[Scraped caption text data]
________________________________________
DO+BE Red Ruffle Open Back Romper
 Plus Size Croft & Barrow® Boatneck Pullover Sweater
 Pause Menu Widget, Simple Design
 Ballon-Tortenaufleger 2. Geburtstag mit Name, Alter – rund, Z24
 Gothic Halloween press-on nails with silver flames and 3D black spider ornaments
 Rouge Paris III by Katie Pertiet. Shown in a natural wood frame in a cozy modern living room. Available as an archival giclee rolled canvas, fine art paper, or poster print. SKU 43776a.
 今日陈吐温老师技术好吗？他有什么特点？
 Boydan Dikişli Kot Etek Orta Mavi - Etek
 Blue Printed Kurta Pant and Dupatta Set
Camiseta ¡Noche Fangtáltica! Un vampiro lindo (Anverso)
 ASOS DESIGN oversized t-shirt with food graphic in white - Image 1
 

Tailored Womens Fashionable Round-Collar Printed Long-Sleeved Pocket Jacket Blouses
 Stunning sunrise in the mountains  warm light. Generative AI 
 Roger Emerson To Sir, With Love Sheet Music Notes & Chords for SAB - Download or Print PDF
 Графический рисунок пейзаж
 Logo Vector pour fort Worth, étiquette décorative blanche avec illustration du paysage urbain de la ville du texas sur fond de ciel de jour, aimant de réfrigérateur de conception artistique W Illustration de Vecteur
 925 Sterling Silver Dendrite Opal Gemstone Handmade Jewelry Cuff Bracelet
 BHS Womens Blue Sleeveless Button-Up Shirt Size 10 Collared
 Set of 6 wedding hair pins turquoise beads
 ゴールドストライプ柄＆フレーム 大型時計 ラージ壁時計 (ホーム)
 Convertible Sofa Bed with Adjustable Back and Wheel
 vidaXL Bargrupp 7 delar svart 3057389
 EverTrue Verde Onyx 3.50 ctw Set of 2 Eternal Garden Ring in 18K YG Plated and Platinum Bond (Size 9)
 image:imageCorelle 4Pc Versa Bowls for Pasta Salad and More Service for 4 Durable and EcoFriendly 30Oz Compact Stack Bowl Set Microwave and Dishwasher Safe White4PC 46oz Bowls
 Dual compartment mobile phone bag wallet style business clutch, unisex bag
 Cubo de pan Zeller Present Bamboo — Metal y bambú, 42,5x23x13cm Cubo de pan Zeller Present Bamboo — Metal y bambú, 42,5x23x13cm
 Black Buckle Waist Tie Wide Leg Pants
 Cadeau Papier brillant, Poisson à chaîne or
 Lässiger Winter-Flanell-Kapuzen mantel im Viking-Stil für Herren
________________________________________
=== TASK DESCRIPTION ===
Would you print exactly the lines from the first line of the entries above through the line that has "Camiseta ¡Noche Fangtáltica!", both included, and stop there?

=== EXPECTED OUTPUT ===
DO+BE Red Ruffle Open Back Romper
 Plus Size Croft & Barrow® Boatneck Pullover Sweater
 Pause Menu Widget, Simple Design
 Ballon-Tortenaufleger 2. Geburtstag mit Name, Alter – rund, Z24
 Gothic Halloween press-on nails with silver flames and 3D black spider ornaments
 Rouge Paris III by Katie Pertiet. Shown in a natural wood frame in a cozy modern living room. Available as an archival giclee rolled canvas, fine art paper, or poster print. SKU 43776a.
 今日陈吐温老师技术好吗？他有什么特点？
 Boydan Dikişli Kot Etek Orta Mavi - Etek
 Blue Printed Kurta Pant and Dupatta Set
Camiseta ¡Noche Fangtáltica! Un vampiro lindo (Anverso)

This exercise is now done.